Mon Nov 30 19:35:45 CET 2009

Evans, Matthew wrote:
> Hi,
>
> I've been running messaging tests on R13B02, using both 8 core Intel and 8 core CAVIUM processors. The tests involve two or more processes that do nothing more than sit in a loop exchanging messages as fast as they can. These tests are, of course, not realistic (as in real applications do more than sit in a tight loop sending messages), so my findings will likely not apply to a real deployment.
>
> First the good news: When running tests that do more than just message passing the SMP features of R13B02 are leaps and bounds over R12B05 that I was running previously. What I have however noticed is that in a pure messaging test (lots of messages, in a tight loop) we appear to run into caching issues where messages are sent between processes that happen to be scheduled on different cores.
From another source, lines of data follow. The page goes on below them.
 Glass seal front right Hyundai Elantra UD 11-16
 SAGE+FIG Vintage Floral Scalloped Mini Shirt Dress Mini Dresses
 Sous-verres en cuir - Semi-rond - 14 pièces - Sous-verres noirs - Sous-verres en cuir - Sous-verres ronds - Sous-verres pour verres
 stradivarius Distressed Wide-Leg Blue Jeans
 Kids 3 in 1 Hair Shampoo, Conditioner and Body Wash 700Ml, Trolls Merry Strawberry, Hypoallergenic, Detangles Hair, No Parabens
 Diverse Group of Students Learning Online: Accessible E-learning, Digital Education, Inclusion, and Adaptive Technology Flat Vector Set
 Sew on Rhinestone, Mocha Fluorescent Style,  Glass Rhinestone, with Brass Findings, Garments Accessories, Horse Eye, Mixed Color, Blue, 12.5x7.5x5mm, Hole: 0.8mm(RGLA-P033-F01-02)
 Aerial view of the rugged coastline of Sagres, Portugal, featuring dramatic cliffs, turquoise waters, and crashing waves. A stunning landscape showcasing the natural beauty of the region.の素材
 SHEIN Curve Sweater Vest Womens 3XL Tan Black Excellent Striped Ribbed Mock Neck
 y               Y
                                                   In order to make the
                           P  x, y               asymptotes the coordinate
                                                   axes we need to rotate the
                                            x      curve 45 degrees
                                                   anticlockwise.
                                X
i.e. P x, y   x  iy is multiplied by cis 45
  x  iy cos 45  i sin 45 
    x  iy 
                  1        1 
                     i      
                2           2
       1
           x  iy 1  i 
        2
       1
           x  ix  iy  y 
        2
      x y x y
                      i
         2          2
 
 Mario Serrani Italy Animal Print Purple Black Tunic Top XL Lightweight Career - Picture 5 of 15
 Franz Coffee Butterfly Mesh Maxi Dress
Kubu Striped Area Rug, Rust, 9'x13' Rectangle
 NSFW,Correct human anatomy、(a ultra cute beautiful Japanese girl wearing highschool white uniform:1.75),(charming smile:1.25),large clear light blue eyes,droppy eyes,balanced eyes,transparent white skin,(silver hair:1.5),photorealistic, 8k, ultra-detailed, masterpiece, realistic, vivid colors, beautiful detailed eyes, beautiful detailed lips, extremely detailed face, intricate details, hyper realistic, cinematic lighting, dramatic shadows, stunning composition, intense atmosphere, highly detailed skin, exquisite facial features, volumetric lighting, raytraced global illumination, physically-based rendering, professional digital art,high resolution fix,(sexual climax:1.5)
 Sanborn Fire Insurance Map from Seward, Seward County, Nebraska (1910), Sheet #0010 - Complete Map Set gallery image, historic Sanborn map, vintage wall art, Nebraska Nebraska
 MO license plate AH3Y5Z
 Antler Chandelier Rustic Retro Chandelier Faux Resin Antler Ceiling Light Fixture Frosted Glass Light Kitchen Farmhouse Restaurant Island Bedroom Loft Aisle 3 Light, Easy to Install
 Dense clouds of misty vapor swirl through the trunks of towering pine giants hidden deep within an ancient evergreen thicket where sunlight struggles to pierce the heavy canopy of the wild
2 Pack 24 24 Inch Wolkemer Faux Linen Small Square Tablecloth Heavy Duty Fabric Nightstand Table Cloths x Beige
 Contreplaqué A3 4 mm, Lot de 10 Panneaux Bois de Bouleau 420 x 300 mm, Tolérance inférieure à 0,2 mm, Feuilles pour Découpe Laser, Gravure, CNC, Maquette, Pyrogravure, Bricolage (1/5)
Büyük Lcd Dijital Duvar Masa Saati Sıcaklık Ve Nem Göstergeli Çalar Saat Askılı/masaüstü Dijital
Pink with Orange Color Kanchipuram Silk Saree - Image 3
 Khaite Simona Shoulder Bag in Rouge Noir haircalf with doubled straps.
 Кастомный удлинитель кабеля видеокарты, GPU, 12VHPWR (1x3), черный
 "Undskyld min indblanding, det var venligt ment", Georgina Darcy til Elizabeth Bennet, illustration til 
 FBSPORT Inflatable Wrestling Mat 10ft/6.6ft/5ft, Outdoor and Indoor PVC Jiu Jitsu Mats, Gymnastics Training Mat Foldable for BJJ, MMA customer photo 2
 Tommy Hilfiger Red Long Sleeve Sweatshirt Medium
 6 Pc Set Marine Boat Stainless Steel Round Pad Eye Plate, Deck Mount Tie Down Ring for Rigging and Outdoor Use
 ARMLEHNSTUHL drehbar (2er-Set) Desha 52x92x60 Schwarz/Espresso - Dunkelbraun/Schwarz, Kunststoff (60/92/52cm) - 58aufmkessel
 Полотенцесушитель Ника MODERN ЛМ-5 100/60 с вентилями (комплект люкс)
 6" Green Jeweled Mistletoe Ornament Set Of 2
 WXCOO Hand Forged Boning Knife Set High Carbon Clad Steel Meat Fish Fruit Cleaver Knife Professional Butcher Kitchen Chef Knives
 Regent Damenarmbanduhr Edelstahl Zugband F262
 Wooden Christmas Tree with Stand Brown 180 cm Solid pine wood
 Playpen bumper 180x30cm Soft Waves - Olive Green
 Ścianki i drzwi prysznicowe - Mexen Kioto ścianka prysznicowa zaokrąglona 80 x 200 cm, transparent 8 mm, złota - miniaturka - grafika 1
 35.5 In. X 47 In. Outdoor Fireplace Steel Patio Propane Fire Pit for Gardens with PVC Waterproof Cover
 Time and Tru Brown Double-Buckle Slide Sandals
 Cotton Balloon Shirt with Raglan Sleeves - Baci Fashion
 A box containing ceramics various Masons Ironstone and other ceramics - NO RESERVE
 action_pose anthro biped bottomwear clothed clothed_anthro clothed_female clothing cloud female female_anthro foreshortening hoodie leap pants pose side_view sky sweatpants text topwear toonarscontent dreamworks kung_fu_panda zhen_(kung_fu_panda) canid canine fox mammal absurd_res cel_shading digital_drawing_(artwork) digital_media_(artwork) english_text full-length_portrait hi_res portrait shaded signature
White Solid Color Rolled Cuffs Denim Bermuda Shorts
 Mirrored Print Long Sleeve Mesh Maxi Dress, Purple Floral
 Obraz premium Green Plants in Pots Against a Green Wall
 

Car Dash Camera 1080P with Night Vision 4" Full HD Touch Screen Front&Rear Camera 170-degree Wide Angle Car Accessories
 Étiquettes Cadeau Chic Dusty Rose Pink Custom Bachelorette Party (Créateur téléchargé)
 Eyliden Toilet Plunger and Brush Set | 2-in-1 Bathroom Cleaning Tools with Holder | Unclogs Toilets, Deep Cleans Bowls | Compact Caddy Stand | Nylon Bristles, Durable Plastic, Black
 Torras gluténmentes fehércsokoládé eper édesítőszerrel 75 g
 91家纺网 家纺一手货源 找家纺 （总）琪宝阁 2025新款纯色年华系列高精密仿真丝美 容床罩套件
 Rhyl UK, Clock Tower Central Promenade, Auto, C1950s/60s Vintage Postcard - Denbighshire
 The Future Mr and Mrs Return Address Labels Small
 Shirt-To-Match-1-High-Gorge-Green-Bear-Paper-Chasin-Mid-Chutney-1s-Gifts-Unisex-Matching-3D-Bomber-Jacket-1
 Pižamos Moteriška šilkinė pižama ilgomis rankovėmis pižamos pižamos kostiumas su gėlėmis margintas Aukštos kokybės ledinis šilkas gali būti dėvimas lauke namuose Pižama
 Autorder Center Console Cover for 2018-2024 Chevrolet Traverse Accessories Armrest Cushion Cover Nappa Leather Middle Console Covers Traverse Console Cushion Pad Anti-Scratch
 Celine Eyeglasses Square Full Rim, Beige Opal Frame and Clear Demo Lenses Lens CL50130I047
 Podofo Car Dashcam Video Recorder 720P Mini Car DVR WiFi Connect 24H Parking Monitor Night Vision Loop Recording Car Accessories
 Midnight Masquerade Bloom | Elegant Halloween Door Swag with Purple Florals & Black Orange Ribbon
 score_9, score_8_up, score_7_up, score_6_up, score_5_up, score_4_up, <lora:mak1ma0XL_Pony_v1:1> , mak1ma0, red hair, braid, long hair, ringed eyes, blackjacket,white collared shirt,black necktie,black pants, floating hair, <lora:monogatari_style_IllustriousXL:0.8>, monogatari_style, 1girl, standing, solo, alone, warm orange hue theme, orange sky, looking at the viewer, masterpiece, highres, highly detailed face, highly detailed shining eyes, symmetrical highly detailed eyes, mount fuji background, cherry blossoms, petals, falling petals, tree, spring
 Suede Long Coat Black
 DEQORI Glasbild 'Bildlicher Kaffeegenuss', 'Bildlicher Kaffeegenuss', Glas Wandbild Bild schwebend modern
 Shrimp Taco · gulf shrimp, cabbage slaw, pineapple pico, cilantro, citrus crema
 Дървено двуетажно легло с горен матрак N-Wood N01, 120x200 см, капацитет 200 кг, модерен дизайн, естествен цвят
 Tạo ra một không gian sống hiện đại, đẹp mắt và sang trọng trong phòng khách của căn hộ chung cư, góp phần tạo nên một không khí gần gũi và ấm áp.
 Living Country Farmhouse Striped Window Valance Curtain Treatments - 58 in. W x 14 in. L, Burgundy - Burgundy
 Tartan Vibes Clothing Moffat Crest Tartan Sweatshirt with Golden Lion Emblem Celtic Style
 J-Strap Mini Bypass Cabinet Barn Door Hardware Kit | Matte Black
This got me into thinking about a future enhancement to the Erlang VM: Process affinity.
>
> In this mode two or more processes that have a lot of IPC chatter would be associated into a group and executed on the same core. If the scheduler needed to move one process to another core - they would all be relocated.
>
> Although this grouping of processes could be done automatically by the VM I believe the decision making overhead would be too great, and it would likely make some poor choices as to what processes should be grouped together. Rather I would leave it to the developer to make these decisions, perhaps with a library similar to pg2.
>
> For example, library process affinity (paf) could have the functions:
>
> paf:create(Name,[Opts]) -> ok, {error, Reason}
> paf:join(Name,Pid,[Opts]) -> ok, {error, Reason}
> paf:leave(Name,Pid) -> ok
> paf:members(Name) -> MemberList
>
> An affinity group would be created with options for specifying the maximum size of the group (to ensure we don't have all processes on one core), a default membership time within a group (to ensure we don't unnecessarily keep a process in the group when there is no longer a need) and maybe an option to allow the group to be split over different cores if the group size reaches a certain threshold.
>
> A process would join the group with paf:join/3, and would be a member for the default duration (with options here to override the settings specified in paf:create). If the group is full the request is rejected (or maybe queued). After a period of time the process is removed from the group and a message {paf_leave, Pid} is sent to the process that issued the paf:join command. If needed the process could be re-joined at that time with another paf:join call.
>
> Any takers? R14B01 perhaps ;-)
>
> Thanks
>
> Matt
>
>   
Hi Matt,

I think the "optimal" number of affinity groups and process bindings to 
these groups would pretty much depend on the number of schedulers, and 
in turn on the number of cores. Probably also depends on the CPU 
architecture. Doesn't this road lead to giving up the high-levelness of 
Erlang, where we produce hardware-dependent code? I don't want to end up 
writing inline BEAM code in the future... :)
Also, having such a rigid grouping is not a good idea as it completely 
ignores the workload of the member processes. You might force a bunch of 
heavy-weight processes onto the same core, losing more than you gain.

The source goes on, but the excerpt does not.